Nutanix, a leader in hybrid multicloud computing, has introduced the Nutanix State of Enterprise AI Report, a survey that offers insights into how enterprises make decisions regarding Artificial Intelligence (AI). This report sheds light on how enterprises are laying out their strategies for adopting AI, and how their future plans will affect their IT spending and budgeting.
According to Sammy Zoghlami, Senior Vice President EMEA at Nutanix, generative Artificial Intelligence (genAI) has significantly reshaped perspectives on technology's role in our lives within only a year. Enterprises are consequently trying to comprehend its potential benefits for their businesses. Although most organisations are still in the preliminary stages of evaluating genAI, the report indicates that many of them regard it as a priority. Moreover, the survey revealed a growing demand for data governance and data mobility across data centres, cloud and edge infrastructure environments as more enterprises embark on implementing AI solutions.

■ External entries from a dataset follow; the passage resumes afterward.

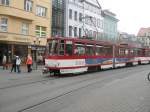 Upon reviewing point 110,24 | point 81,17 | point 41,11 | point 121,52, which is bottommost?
point 121,52

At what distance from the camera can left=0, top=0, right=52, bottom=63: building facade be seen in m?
41.0

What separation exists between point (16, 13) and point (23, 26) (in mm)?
2779

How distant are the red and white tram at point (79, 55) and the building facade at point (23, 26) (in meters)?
13.3

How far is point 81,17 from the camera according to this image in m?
62.3

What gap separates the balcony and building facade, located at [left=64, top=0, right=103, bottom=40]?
10.7 m

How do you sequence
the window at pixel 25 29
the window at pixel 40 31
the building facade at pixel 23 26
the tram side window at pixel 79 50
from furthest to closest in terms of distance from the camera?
the window at pixel 40 31 < the window at pixel 25 29 < the building facade at pixel 23 26 < the tram side window at pixel 79 50

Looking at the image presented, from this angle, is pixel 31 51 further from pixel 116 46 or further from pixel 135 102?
pixel 135 102

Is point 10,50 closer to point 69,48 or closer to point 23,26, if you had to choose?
point 23,26

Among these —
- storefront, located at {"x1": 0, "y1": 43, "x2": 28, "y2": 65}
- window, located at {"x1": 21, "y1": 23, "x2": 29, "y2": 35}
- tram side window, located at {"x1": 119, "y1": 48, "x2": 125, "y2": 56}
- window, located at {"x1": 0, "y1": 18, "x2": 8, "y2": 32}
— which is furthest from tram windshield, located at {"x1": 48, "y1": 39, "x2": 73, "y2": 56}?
window, located at {"x1": 21, "y1": 23, "x2": 29, "y2": 35}

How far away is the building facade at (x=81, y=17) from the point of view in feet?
188

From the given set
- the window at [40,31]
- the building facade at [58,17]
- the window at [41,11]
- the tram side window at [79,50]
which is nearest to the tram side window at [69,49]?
the tram side window at [79,50]

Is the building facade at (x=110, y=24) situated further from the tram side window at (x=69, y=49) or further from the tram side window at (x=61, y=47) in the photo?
the tram side window at (x=61, y=47)

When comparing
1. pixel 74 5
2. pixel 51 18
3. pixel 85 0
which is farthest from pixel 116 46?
pixel 85 0

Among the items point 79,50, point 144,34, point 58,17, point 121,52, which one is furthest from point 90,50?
point 144,34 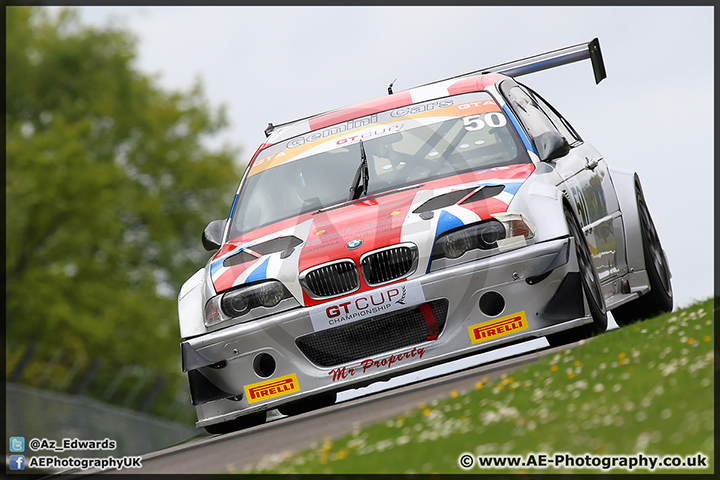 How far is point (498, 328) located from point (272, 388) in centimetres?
145

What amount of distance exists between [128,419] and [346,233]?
330 inches

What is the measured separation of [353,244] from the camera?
23.9 feet

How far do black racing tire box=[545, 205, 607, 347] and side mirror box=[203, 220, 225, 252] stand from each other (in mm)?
2507

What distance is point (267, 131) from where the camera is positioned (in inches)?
398

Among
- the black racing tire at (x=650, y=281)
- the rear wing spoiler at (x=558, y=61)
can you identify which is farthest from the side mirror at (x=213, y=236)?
the black racing tire at (x=650, y=281)

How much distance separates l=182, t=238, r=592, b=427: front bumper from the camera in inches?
282

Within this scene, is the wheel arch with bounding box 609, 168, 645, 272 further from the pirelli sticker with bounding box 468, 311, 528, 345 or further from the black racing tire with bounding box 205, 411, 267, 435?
the black racing tire with bounding box 205, 411, 267, 435

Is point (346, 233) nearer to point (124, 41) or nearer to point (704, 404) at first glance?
point (704, 404)

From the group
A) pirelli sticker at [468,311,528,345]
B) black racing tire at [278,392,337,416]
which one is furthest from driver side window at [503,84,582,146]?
black racing tire at [278,392,337,416]

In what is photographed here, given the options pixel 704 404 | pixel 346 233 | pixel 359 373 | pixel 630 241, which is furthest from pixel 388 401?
pixel 704 404

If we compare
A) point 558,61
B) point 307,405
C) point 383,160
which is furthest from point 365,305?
point 558,61

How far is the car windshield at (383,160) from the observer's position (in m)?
8.23

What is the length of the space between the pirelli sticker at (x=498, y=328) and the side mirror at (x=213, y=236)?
2.32 metres

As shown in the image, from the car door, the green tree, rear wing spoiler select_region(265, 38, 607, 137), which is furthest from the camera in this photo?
the green tree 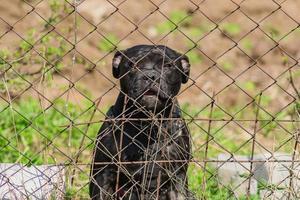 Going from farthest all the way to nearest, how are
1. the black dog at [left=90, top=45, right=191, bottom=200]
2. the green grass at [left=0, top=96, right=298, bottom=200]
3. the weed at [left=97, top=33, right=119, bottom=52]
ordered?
the weed at [left=97, top=33, right=119, bottom=52] < the green grass at [left=0, top=96, right=298, bottom=200] < the black dog at [left=90, top=45, right=191, bottom=200]

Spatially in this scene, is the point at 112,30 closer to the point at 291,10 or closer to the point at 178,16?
the point at 178,16

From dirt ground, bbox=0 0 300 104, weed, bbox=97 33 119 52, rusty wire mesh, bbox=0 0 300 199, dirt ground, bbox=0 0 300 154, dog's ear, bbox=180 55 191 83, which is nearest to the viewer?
dog's ear, bbox=180 55 191 83

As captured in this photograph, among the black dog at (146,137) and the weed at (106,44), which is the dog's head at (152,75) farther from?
the weed at (106,44)

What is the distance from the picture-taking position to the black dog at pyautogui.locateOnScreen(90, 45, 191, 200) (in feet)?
18.6

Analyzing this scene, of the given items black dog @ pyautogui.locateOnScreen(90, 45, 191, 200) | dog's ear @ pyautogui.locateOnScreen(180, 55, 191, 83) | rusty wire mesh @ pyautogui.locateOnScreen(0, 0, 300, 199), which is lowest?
black dog @ pyautogui.locateOnScreen(90, 45, 191, 200)

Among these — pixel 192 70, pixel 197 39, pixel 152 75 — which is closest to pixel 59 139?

The research study, conducted by Vanson Bourne and commissioned by Nutanix, involved 650 IT, DevOps, and Platform Engineering decision-makers and spanned multiple industries, business sizes, and regions including the Americas; Europe, Middle East, and Africa (EMEA); and the Asia-Pacific-Japan (APJ) region. The study was carried out between July and September 2023.
A key finding of the report is that organisations across EMEA are inclined toward adopting AI solutions, but a substantial generative AI skills gap hinders them. 90% of EMEA respondents acknowledged AI as a priority, with their top two AI solutions encompassing virtual assistants/customer support bots and a variety of genAI solutions. However, the respondents revealed a lack of genAI and prompt engineering skills, indicating the need for additional data scientists and data science skills to propel their initiatives.
A further 90% of EMEA respondents identified security, reliability, and disaster recovery as crucial considerations in their AI strategies, marking AI data security, scale, and management as the leading challenges. EMEA organisations ranked managing and supporting AI workloads at scale as their primary obstacle over the next one to two years. Over half of the organisations stated that AI data governance regulations will necessitate them to have a deeper understanding and tracing of data sources, age, and quality. Therefore, dealing with data security, workload scale, and data visibility/management will be integral to their AI initiatives' success.
Interestingly, cost was not a significant concern for EMEA organisations when planning to run AI workloads. The report showed that cost ranked as the third-lowest consideration and was also the lowest priority when asked about the key drivers behind upgrades for AI applications or infrastructure. Over 90% of EMEA respondents agreed that their IT costs and cloud spending will increase owing to AI applications, demonstrating their readiness to invest in support of their AI initiatives.